=== Begin Enclosure ===

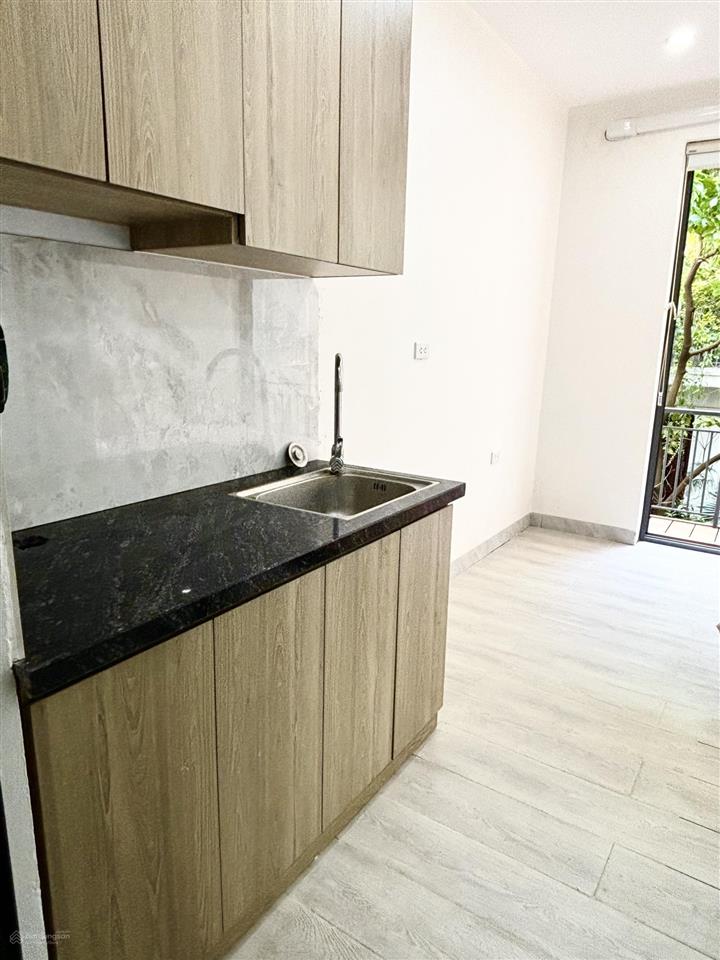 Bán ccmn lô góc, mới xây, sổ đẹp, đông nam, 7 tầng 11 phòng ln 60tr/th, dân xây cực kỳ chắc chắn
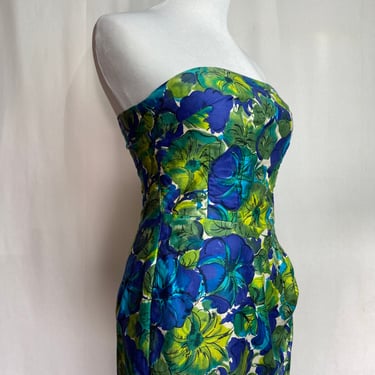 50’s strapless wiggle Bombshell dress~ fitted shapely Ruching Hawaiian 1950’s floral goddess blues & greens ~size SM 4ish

=== End Enclosure ===
=== Begin Enclosure ===

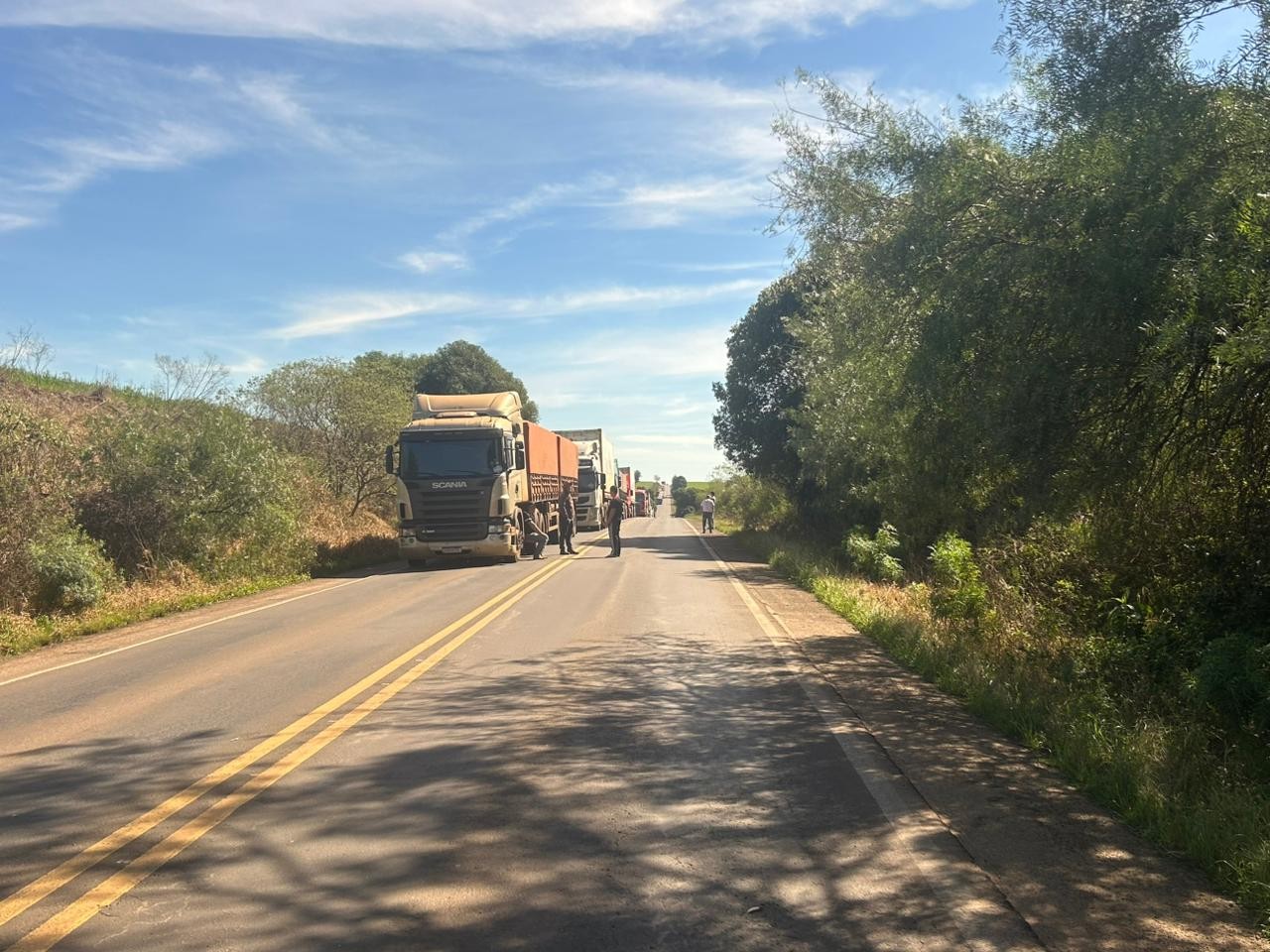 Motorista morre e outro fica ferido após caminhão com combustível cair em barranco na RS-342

=== End Enclosure ===
=== Begin Enclosure ===

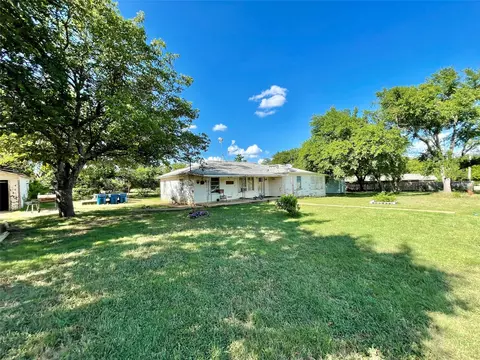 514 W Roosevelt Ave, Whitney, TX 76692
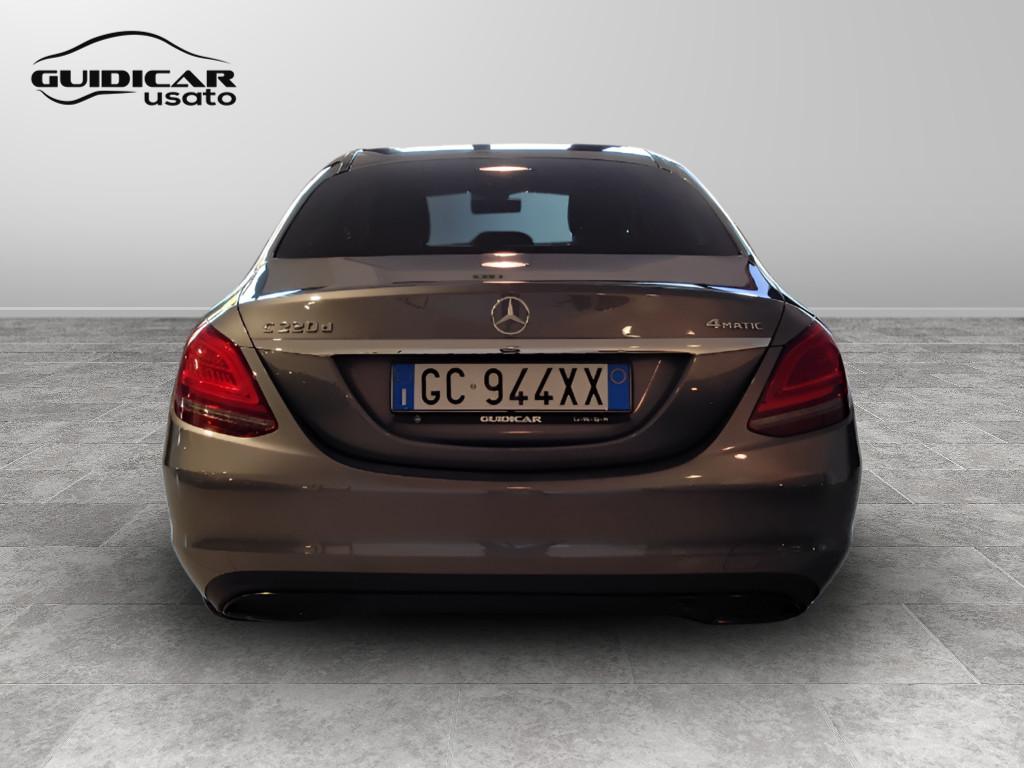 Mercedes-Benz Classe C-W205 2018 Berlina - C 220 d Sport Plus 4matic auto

=== End Enclosure ===

- **Work request**
From the records above, copy exactly the stretch from the line holding "Bán ccmn lô" through the line holding "50’s strapless wiggle", both ends included, without the pictures.

- **Written solution**
 Bán ccmn lô góc, mới xây, sổ đẹp, đông nam, 7 tầng 11 phòng ln 60tr/th, dân xây cực kỳ chắc chắn
 50’s strapless wiggle Bombshell dress~ fitted shapely Ruching Hawaiian 1950’s floral goddess blues & greens ~size SM 4ish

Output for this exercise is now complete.